To ensure accuracy, have someone fact check your meeting summary, especially if decisions carry financial or legal ramifications.

Wherever consensus wasn’t reached on a topic, note the remaining open questions or issues. Don’t let lack of agreement quietly die without follow-up.

Outline Action Items and Owners

Coming out of most meetings, certain attendees will be on the hook to complete tasks going forward. The follow-up email provides a convenient place to clearly assign and document responsibilities.

For each action item, include:

  • Task description
  • Owner
  • Due date

Where it makes sense, include any relevant background or guidance to help owners execute on their assignments.

Having action items prominently outlined in a follow-up email, as opposed to scattered meeting notes, focuses accountability. According to the Harvard Business Review, this practice increases successful task completion by 24%.

Share Relevant Meeting Materials

Often meetings will involve reviewing documents, data, or presentations. Don’t lose momentum by waiting to share these artifacts. Include them as attachments to your follow-up for reference.

This also prevents attendees from coming back later saying they can’t remember the specifics covered in some slide or report.

For meetings by Webex](, [Zoom, or other platforms with recordings, you can share the video link for those who want to rewatch portions.

Give people access to the information when it’s still top of mind. They can reference it as needed while executing next steps.

Solicit Feedback on the Meeting

Each follow-up email provides an opportunity to collect feedback and suggestions for improving future meetings.

You can include a simple open-ended question, poll, or rating scale. For example:

  • On a scale of 1 to 5, how valuable was this meeting?
  • What worked well about this meeting?
  • What can we do better next time?

Soliciting candid input demonstrates you’re committed to continuous improvement. It also makes attendees feel heard.

According to leadership coach Liane Davey, consistently requesting feedback increases meeting scores by 30% over 2 months.

Other Tips for Following Up after Meetings

Here are a few other tips to amplify the impact of your post-meeting follow-up:

  • Use bullets and sections – Break up dense blocks of text for better scannability.
  • Clarify next steps – Conclude by highlighting what comes next and when you’ll connect again.
  • Limit recipients – Only include those who truly need to know.
  • Specify replies – If action items require responses, request they reply to the thread.
  • Note absentees – Bring absent stakeholders up to speed.
  • Follow-up personally – Connect one-on-one if specific outcomes require it.
  • Track tasks – Enter action items into your project management system.
  • Automate reminders – Calendarize deadlines for notifications.

Following up purposefully transforms a meeting from a fleeting event into an integral part of a project’s cadence. By doing follow-up promptly, thoroughly, and consistently, teams extract full value from their precious meeting time.

Following Up via Email vs. In-Person

Email works well for routine meeting follow-up, but some situations call for additional in-person meetings.

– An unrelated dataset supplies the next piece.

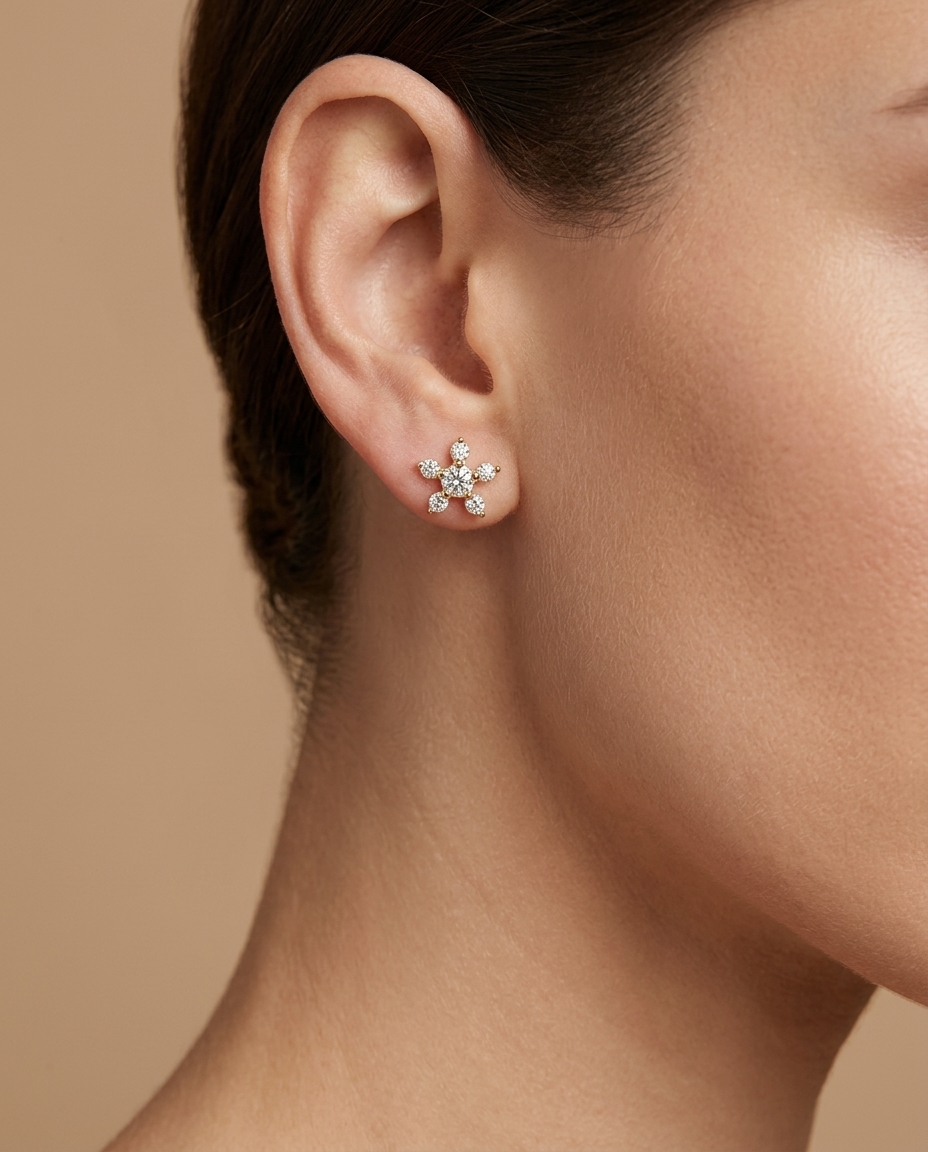 14KT Gold Star / Flower Diamond Earring on model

Understanding when to use each method ensures issues get the appropriate amount of time and attention.

When to Choose Email Follow-Up

Email serves as an easy, low-friction way to complete basic meeting hygiene. Use email follow-up when:

Recapping was the primary purpose – If rehashing what was discussed and ensuring everyone is on the same page about next steps are the main goals, an email usually suffices.

Logistics dictate email – If the team is distributed across geographies and time zones, email allows asynchronous communication.

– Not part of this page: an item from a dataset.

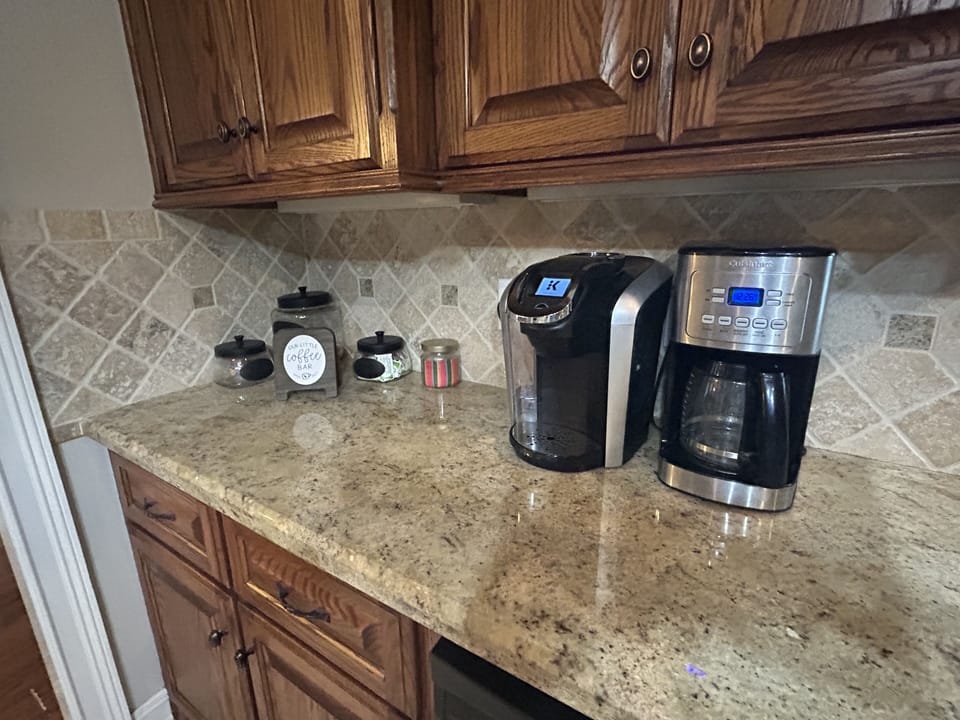 Coffee bar with Keurig and standard coffee maker.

Meeting was low complexity – For a simple 30-minute sync-up, email recap is appropriate.

Topics were conceptual – If the focus was brainstorming ideas or gathering input, email captures everything sufficiently.

Sensitive details weren’t shared – Any highly confidential topics warrant more secure in-person follow-up.

No decisions require high-touch resolution – If conclusions landed cleanly within the meeting itself, email serves to cement shared understanding.

Action items are straightforward – Simple, well-defined tasks can be assigned and tracked via email.

When to Schedule Additional In-Person Meetings

However, in certain circumstances, critical issues demand more dialogue and facetime:

Strategic decisions require alignment – If big-picture direction needs buy-in across stakeholders, additional meetings can prove worthwhile.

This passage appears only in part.